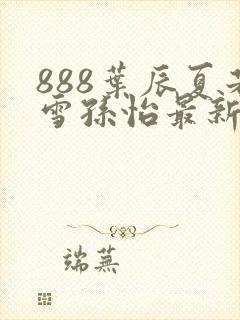 888叶辰夏若雪孙怡最新章节第3365章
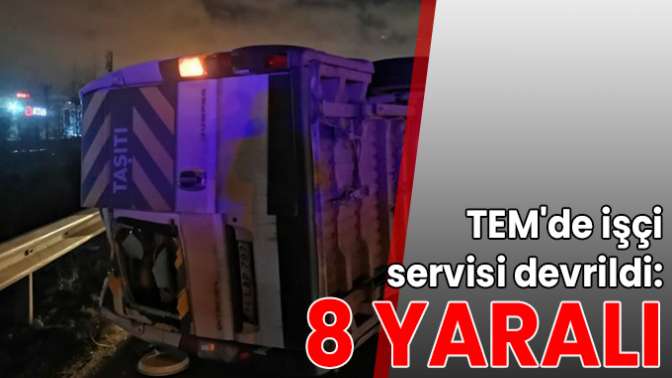 TEMde işçi servisi devrildi: 8 yaralı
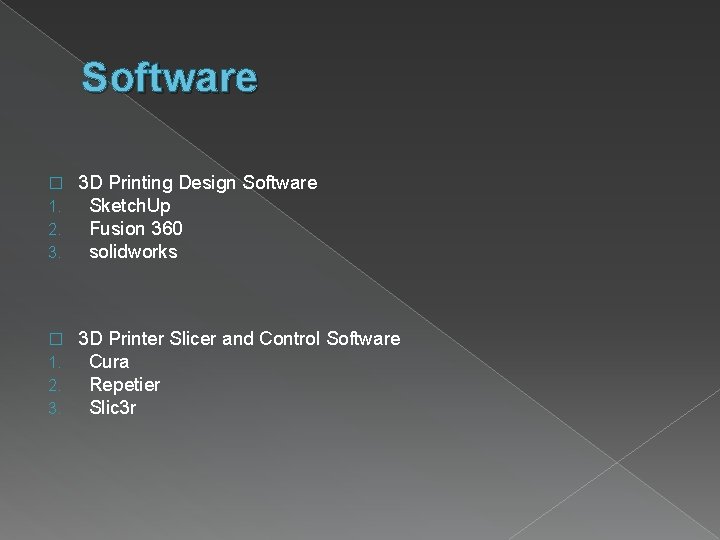 Software � 1. 2. 3. 3 D Printing Design Software Sketch. Up Fusion 360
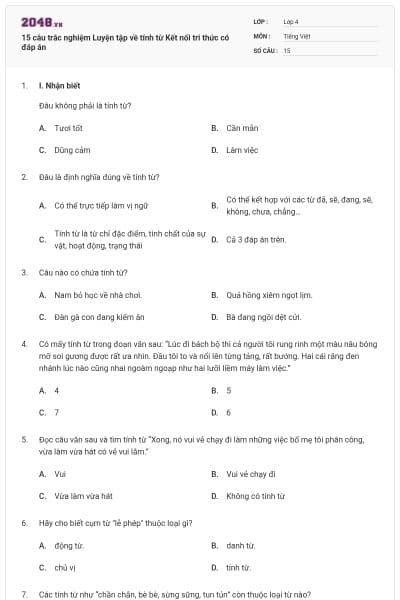 15 câu trắc nghiệm Luyện tập về tính từ Kết nối tri thức có đáp án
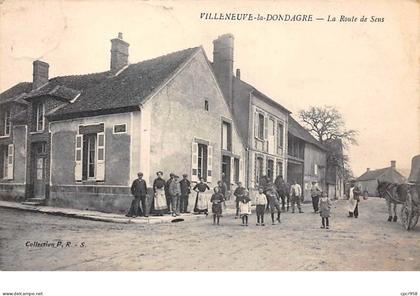 89. n°54140. VILLENEUVE LA DONDAGRE. La route de sens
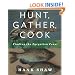 Hunt, Gather, Cook: Finding the Forgotten Feast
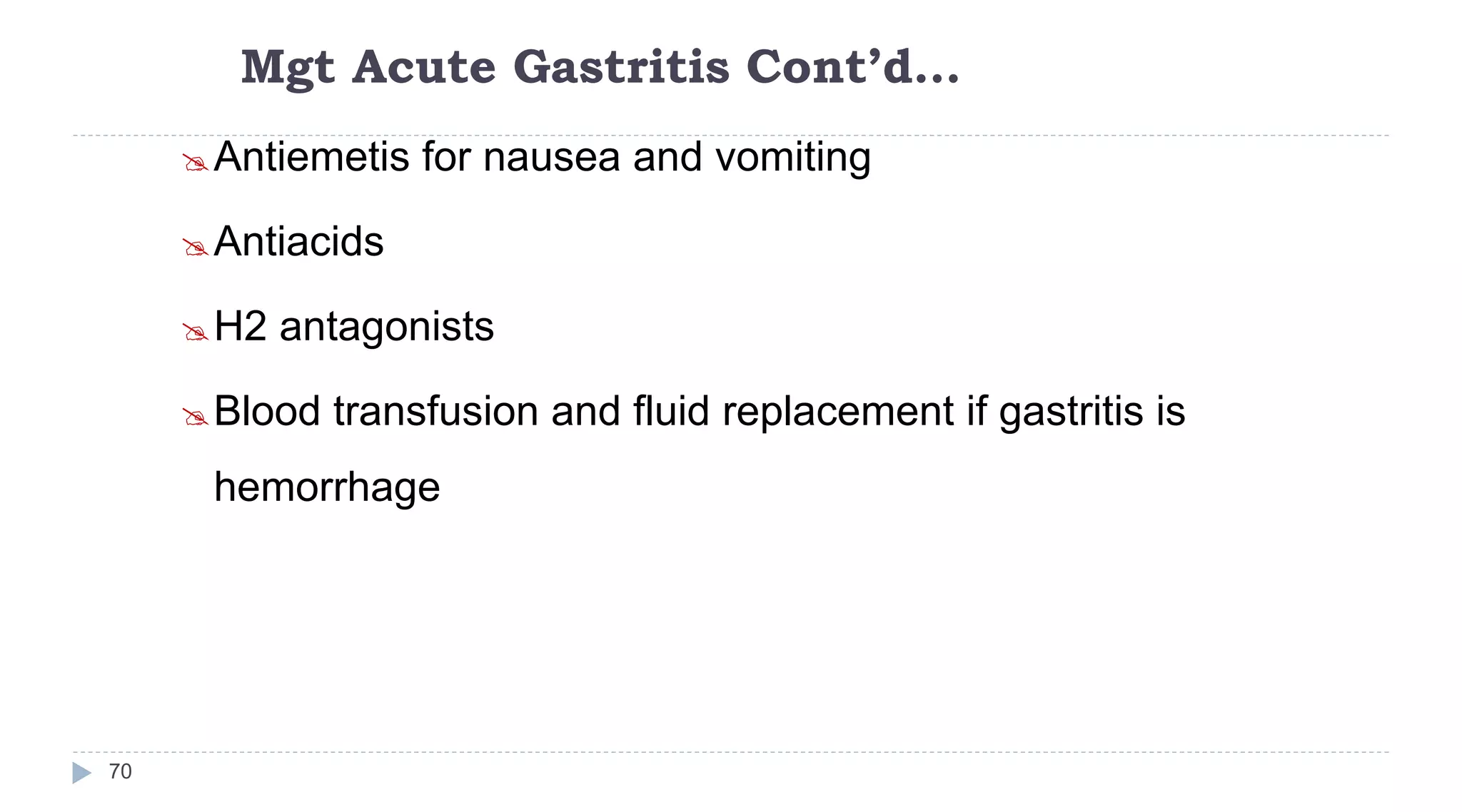 Mgt Acute Gastritis Cont’d…
70
Antiemetis for nausea and vomiting
Antiacids
H2 antagonists
Blood transfusion and fluid replacement if gastritis is
hemorrhage
 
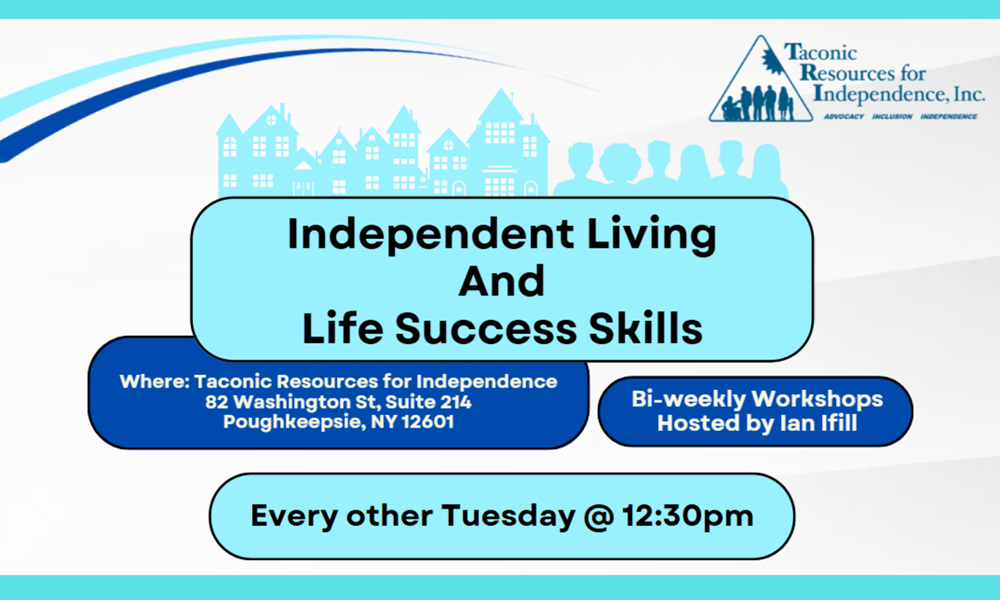 image of text, Independent Living and Life Success Skills, bi-weekly workshops with Ian Ifill every other Tuesday 1230pm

REQUIREMENT
Transcribe the records above exactly, skipping pictures.

ANSWER AREA
 888叶辰夏若雪孙怡最新章节第3365章
 TEMde işçi servisi devrildi: 8 yaralı
 Software � 1. 2. 3. 3 D Printing Design Software Sketch. Up Fusion 360
 15 câu trắc nghiệm Luyện tập về tính từ Kết nối tri thức có đáp án
 89. n°54140. VILLENEUVE LA DONDAGRE. La route de sens
 Hunt, Gather, Cook: Finding the Forgotten Feast
 Mgt Acute Gastritis Cont’d…
70
Antiemetis for nausea and vomiting
Antiacids
H2 antagonists
Blood transfusion and fluid replacement if gastritis is
hemorrhage
 
 image of text, Independent Living and Life Success Skills, bi-weekly workshops with Ian Ifill every other Tuesday 1230pm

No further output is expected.